Assignment
Retype the records below exactly as they stand, but with no images.

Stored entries
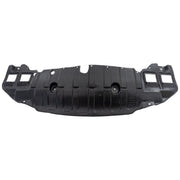 DURAFORCE Engine Splash Shields Front 29110A7000 for Kia Forte Forte5 Koup 2014
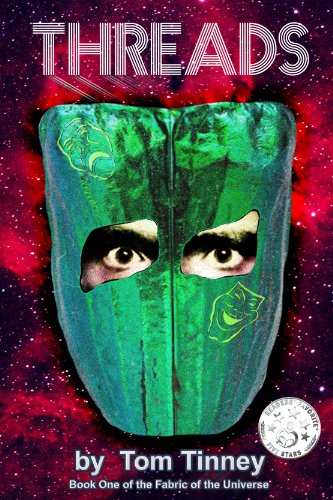 Book review of Threads - Readers' Favorite: Book Reviews and Award Contest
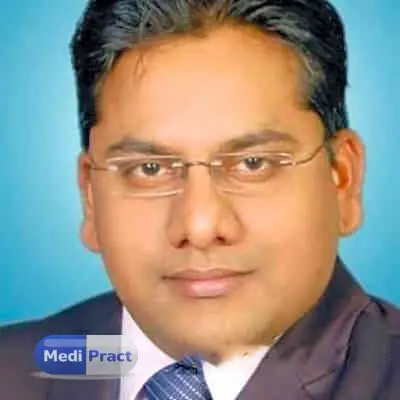 Dr. Virendra Kumar chandore Profile Picture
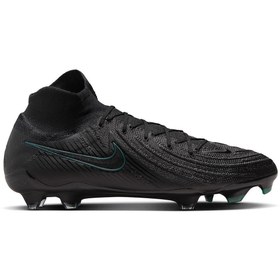 Resim Nike Phantom Luna II Elite FG (FJ2572002) | Siyah 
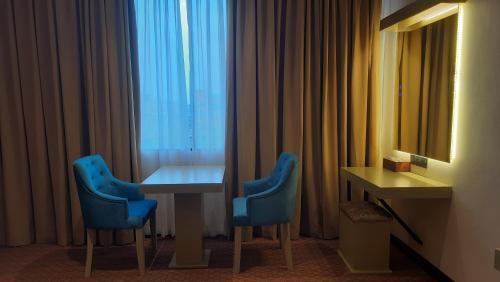 Galería fotográfica de Viluxey City Hotel en Maharagama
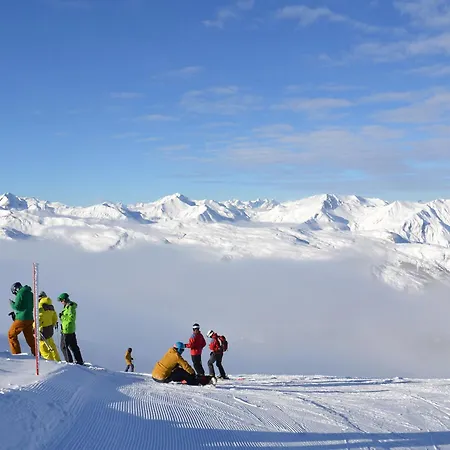 Apartment Clair Et Cosy, Sur Les Pistes, Balcon Sud, Proche Commerces, 3* Pour 4 Personnes - Fr-1-182-13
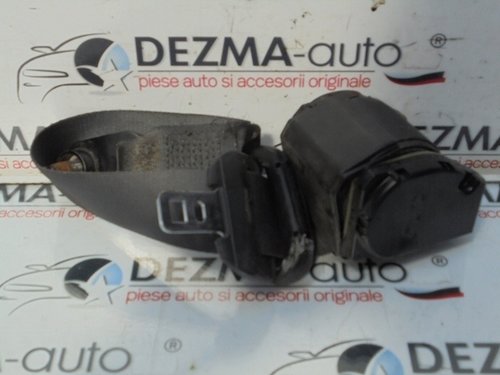Centura dreapta spate, EUL105240, Land Rover Freelander (LN) (id:259733)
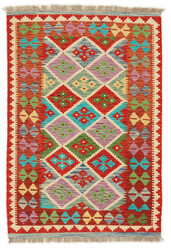 Afghan Kelim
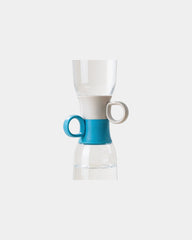 Custom eco-friendly Tritan Renew Gobi Street bottle - 1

Written answer
 DURAFORCE Engine Splash Shields Front 29110A7000 for Kia Forte Forte5 Koup 2014
 Book review of Threads - Readers' Favorite: Book Reviews and Award Contest
 Dr. Virendra Kumar chandore Profile Picture
 Resim Nike Phantom Luna II Elite FG (FJ2572002) | Siyah 
 Galería fotográfica de Viluxey City Hotel en Maharagama
 Apartment Clair Et Cosy, Sur Les Pistes, Balcon Sud, Proche Commerces, 3* Pour 4 Personnes - Fr-1-182-13
Centura dreapta spate, EUL105240, Land Rover Freelander (LN) (id:259733)
 Afghan Kelim
 Custom eco-friendly Tritan Renew Gobi Street bottle - 1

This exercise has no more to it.